(What is being asked) What is needed is an exact copy of the lines from the one containing "Acid GIFs, December 13 (25 gifs) Acid" through the last line of the records below, with no pictures.

Short web captions:
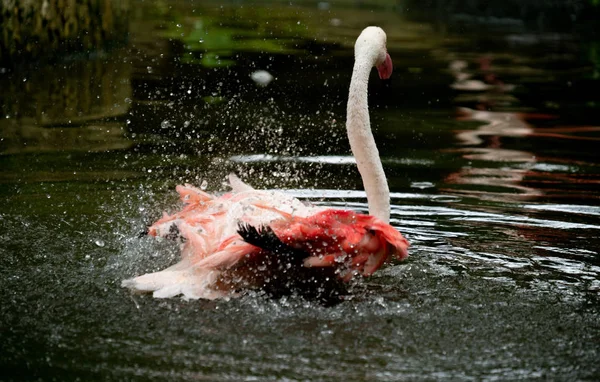 Greater flamingo (Phoenicopterus roseus) in the river — Stock Photo, Image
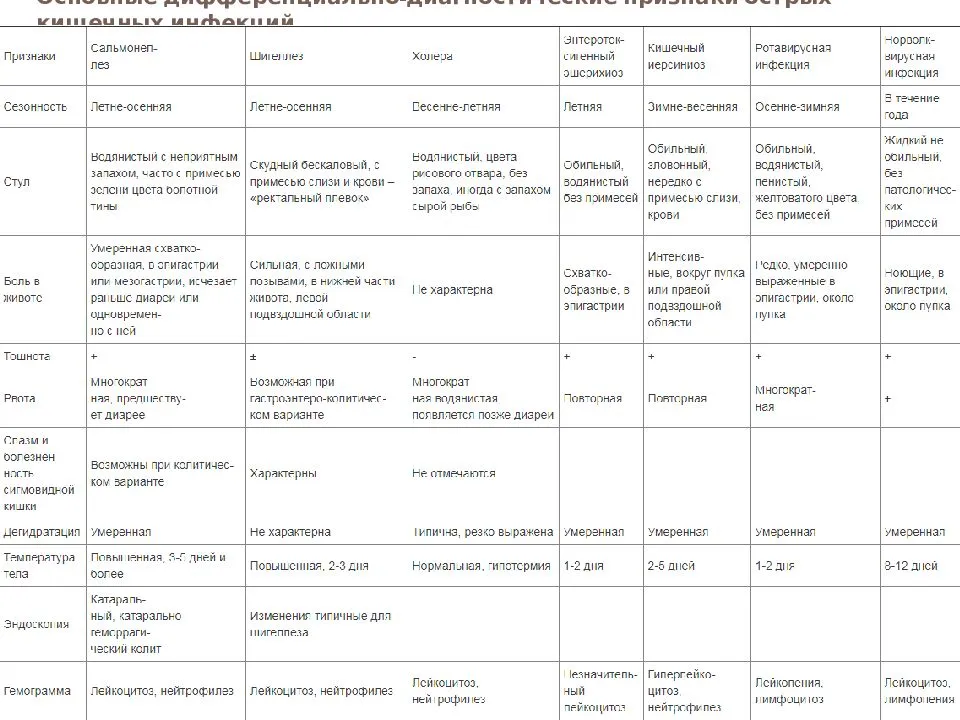 Самые распространенные проблемы с пищеварительной системой у собак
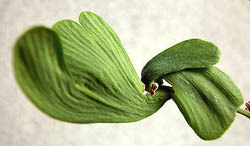 male ohatsuki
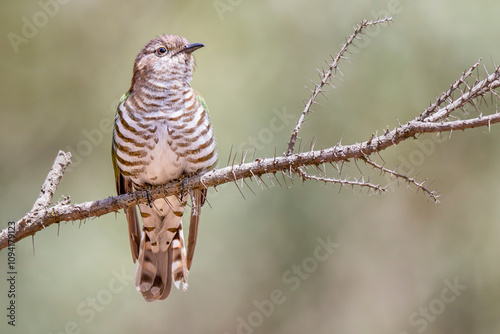 Shining Bronze-cuckoo (Chalcites lucidus)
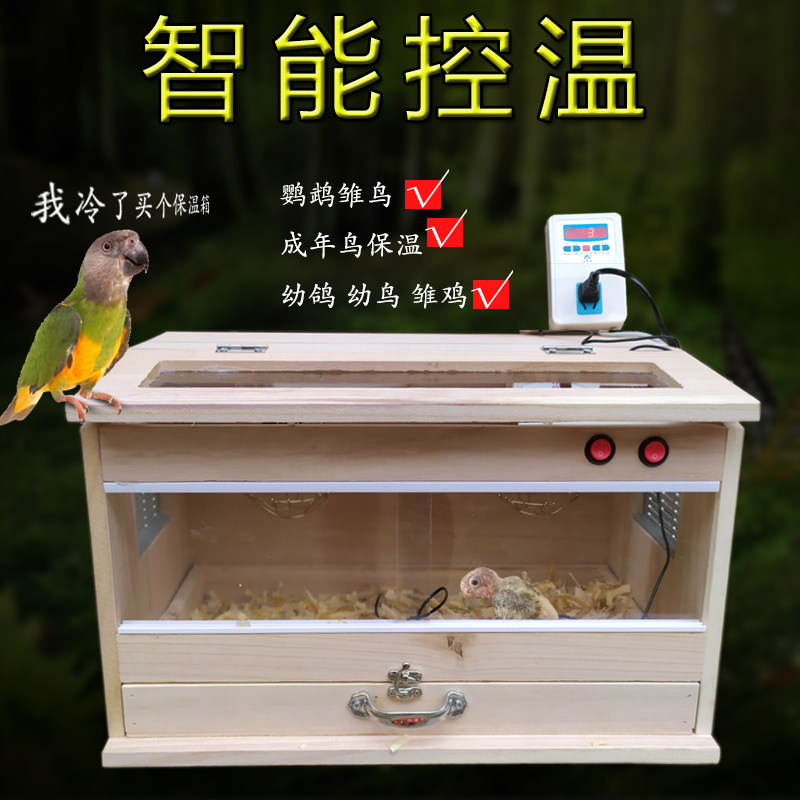 手养鹦鹉玄凤虎皮牡丹活体雏鸟雏鸡鸽子保温育雏箱鸟保温箱饲养箱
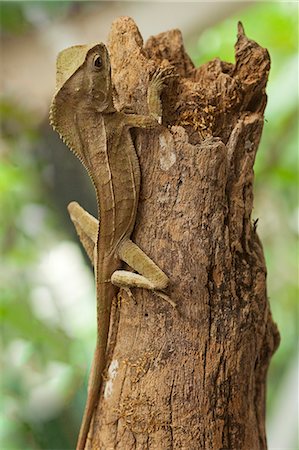 simsearch:841-06808086,k - Helmeted Iguana or Forest Chameleon (Corytophanes cristatus), Arenal, Alajuela Province, Costa Rica, Central America Stock Photo - Rights-Managed, Code: 841-06807440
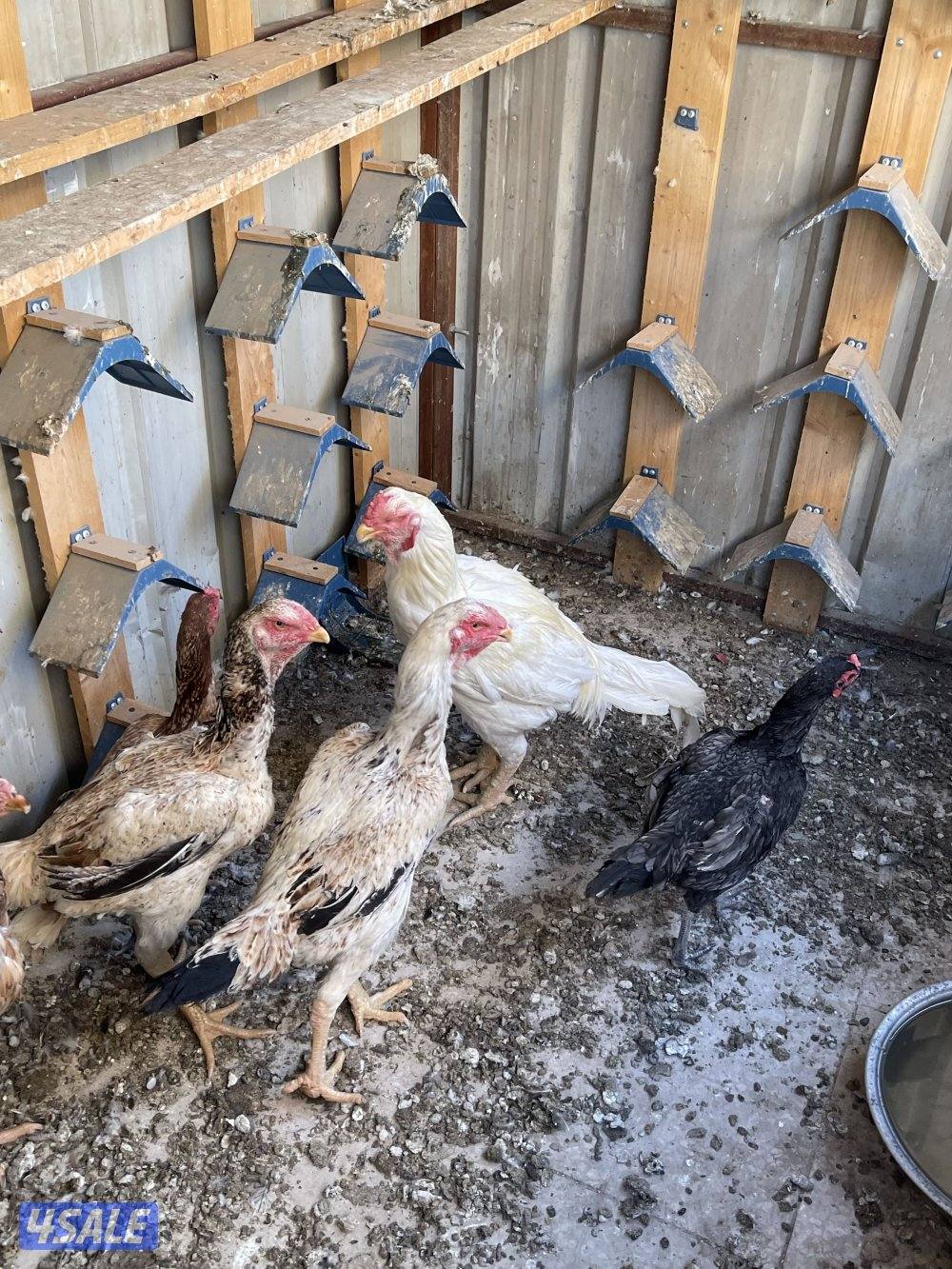 دجاج هندي وتايلندي0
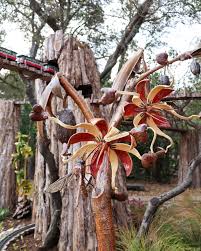 Image result for Kanahia laniflora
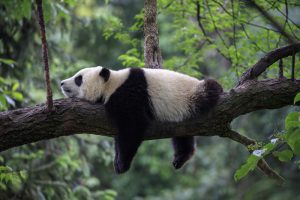 Panda,Bear,Sleeping,On,A,Tree,Branch,,China,Wildlife.,Bifengxia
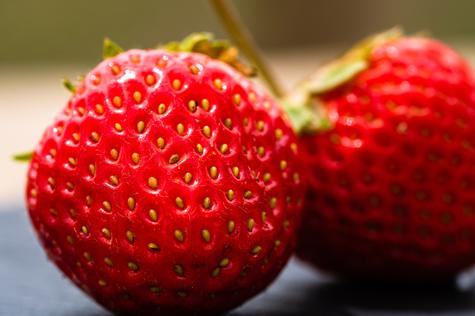 Los puntos amarillos son los aquenios     Los puntos amarillos son los aquenios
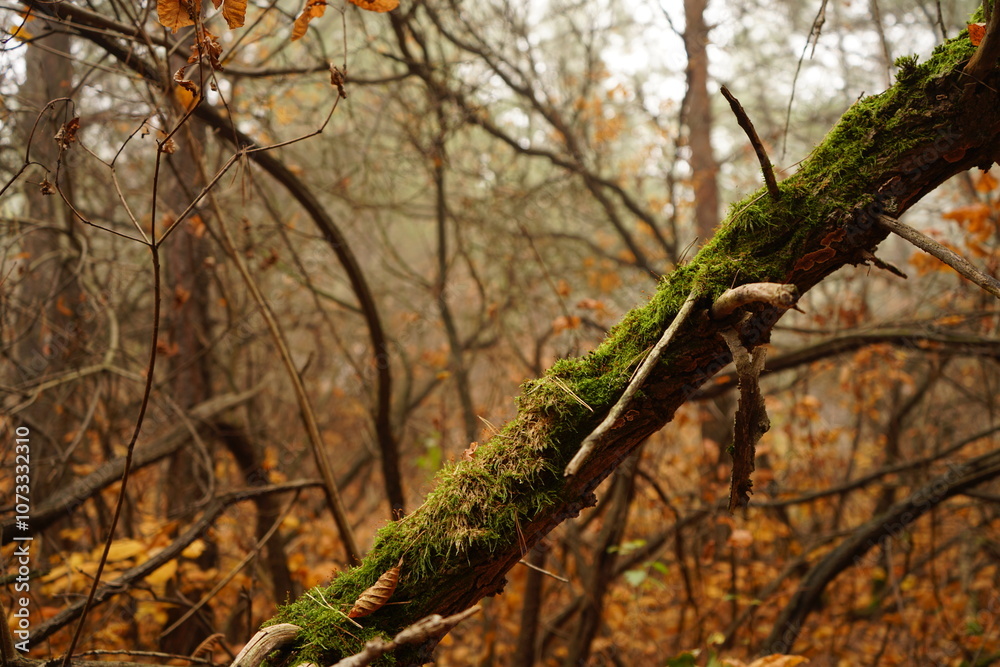 A moss-covered branch lies amid a foggy forest, surrounded by autumn foliage in various warm colors, with vines and trees creating a serene atmosphere. A moss-covered branch lies amid a foggy forest, surrounded by autumn foliage in various warm colors, with vines and trees creating a serene atmosphere.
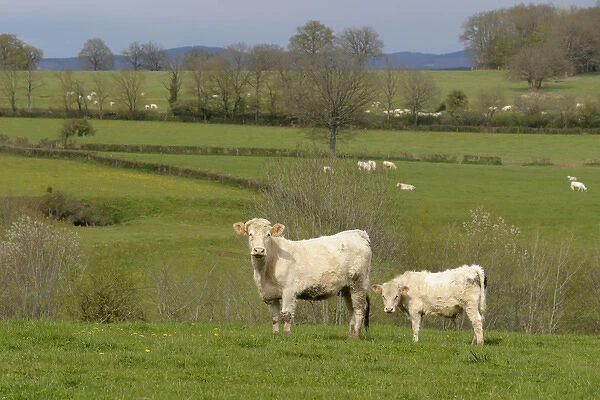 Europe, France, Burgundy, Nievre, Sardy-les-Epiry. Cows in a farmers field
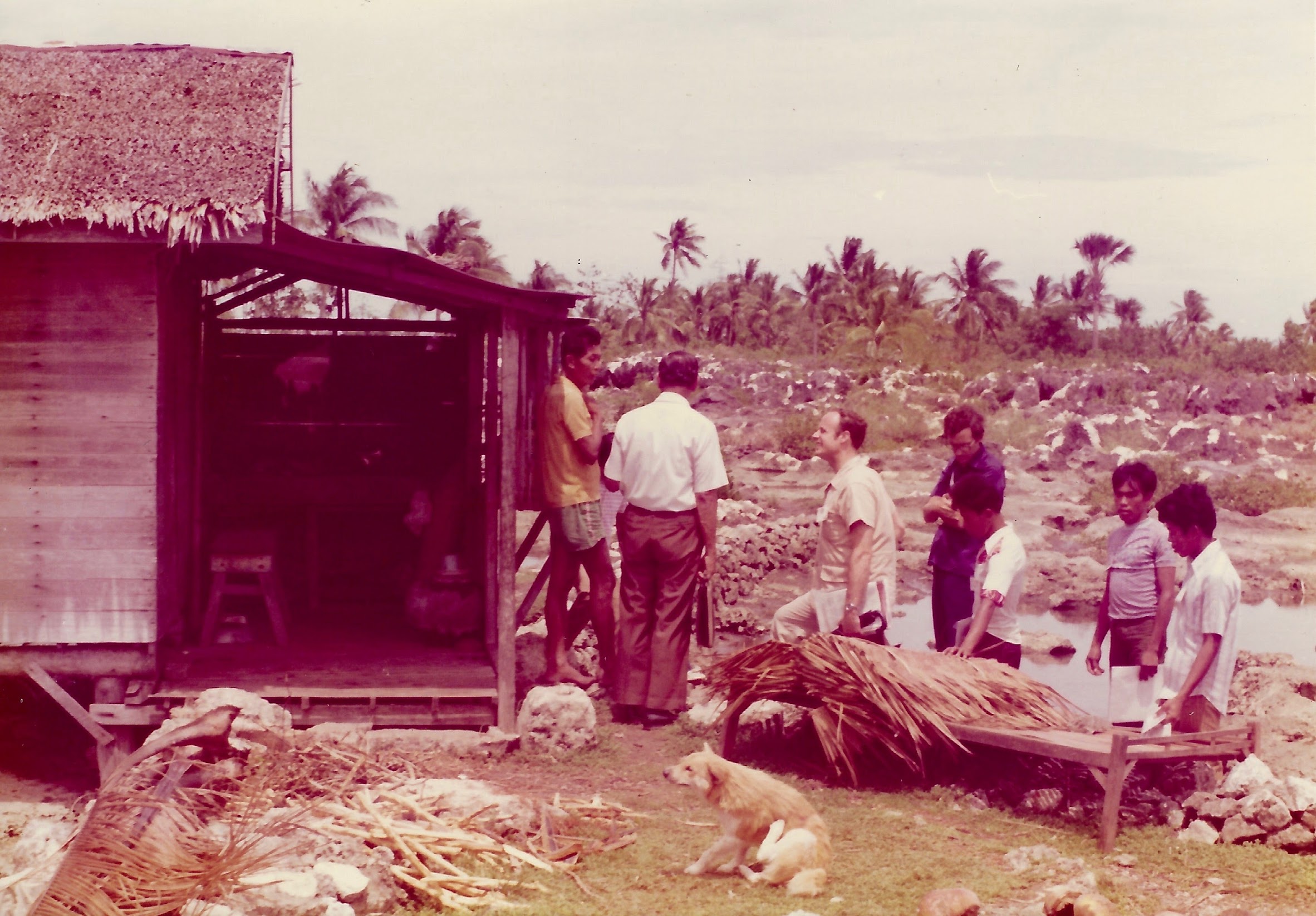 Sudtonggan Consult 6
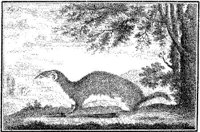 ANI091A.JPG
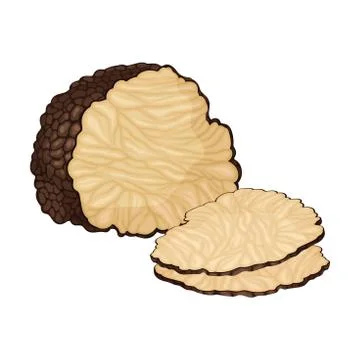 Truffle and Thin Slices as Subterranean Ascomycete Fungus Vector Illustration Illustrazione stock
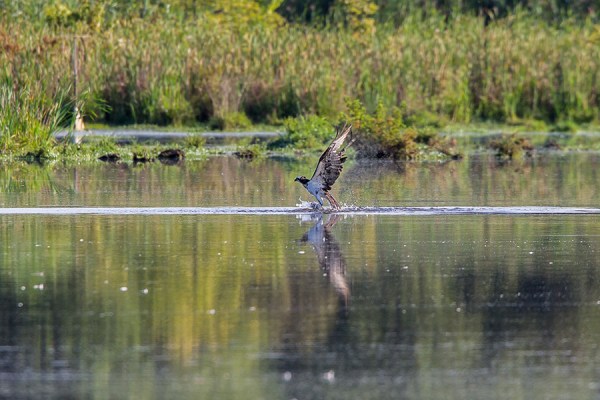 _43G7867  cf osprey v2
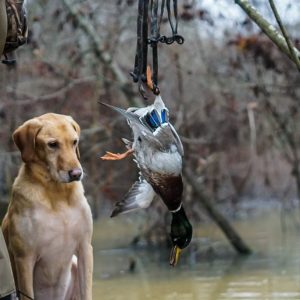 hrretrievers.com-gundog-trainer-1037 hrretrievers.com-gundog-trainer-1037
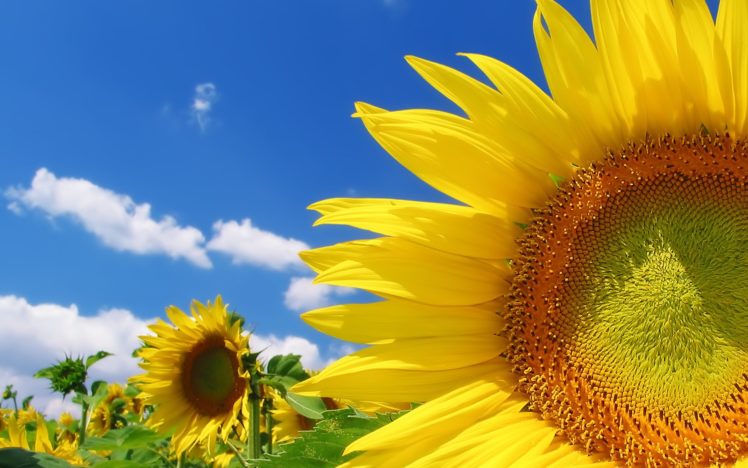 sky, Bright, Yellow, Sunflowers, Clouds, Color, Summer, Field HD Wallpaper Desktop Background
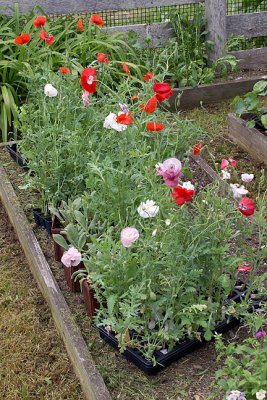 Trays Positioned for Planting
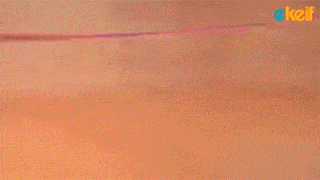 Acid GIFs, December 13 (25 gifs) Acid GIFs, December 13 (25 gifs)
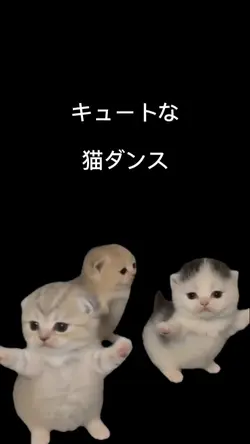 猫トリオ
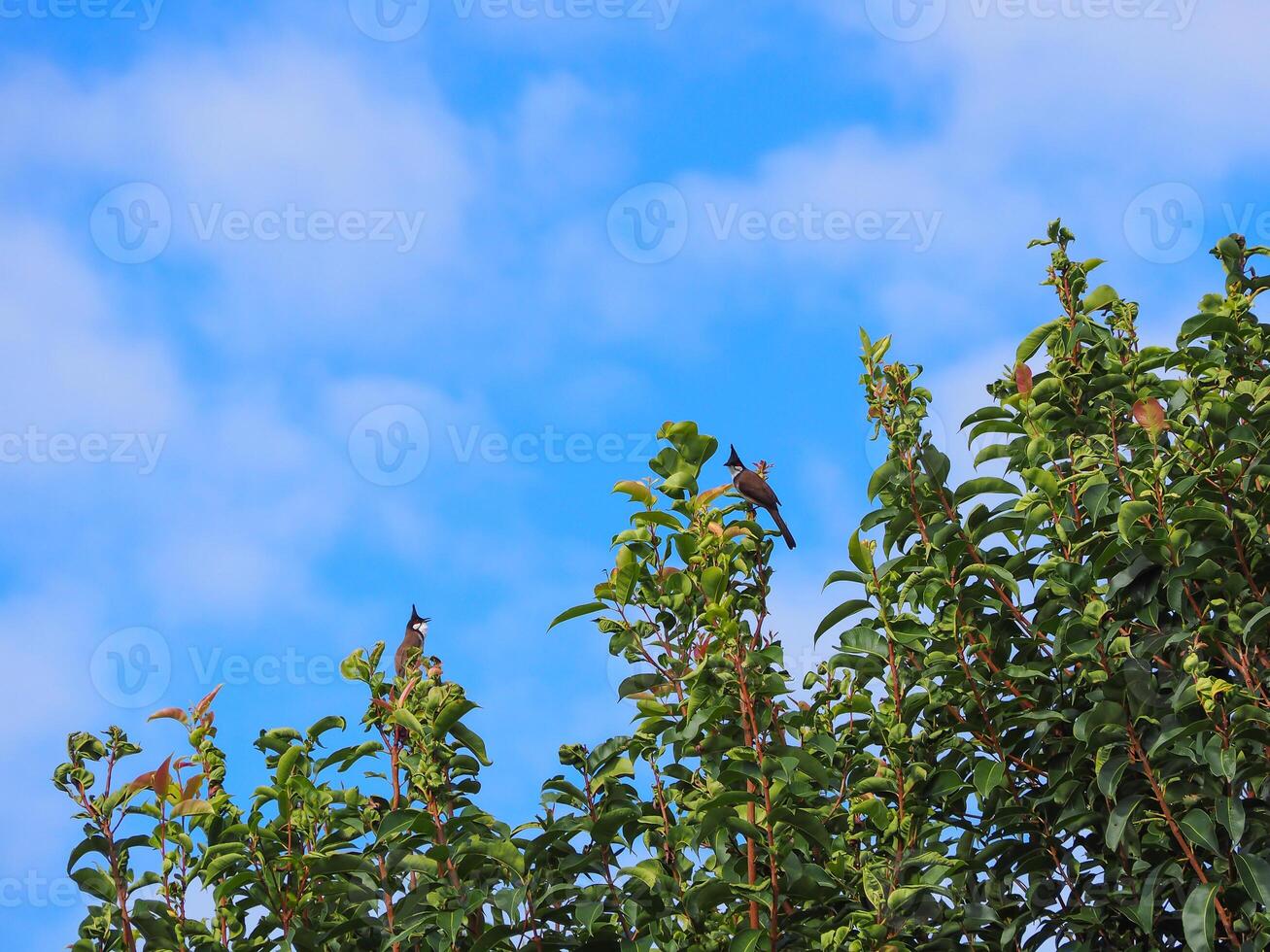 Small birds on the green tree with a blue sky background. Space for text photo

(Answer area)
 Acid GIFs, December 13 (25 gifs) Acid GIFs, December 13 (25 gifs)
 猫トリオ
 Small birds on the green tree with a blue sky background. Space for text photo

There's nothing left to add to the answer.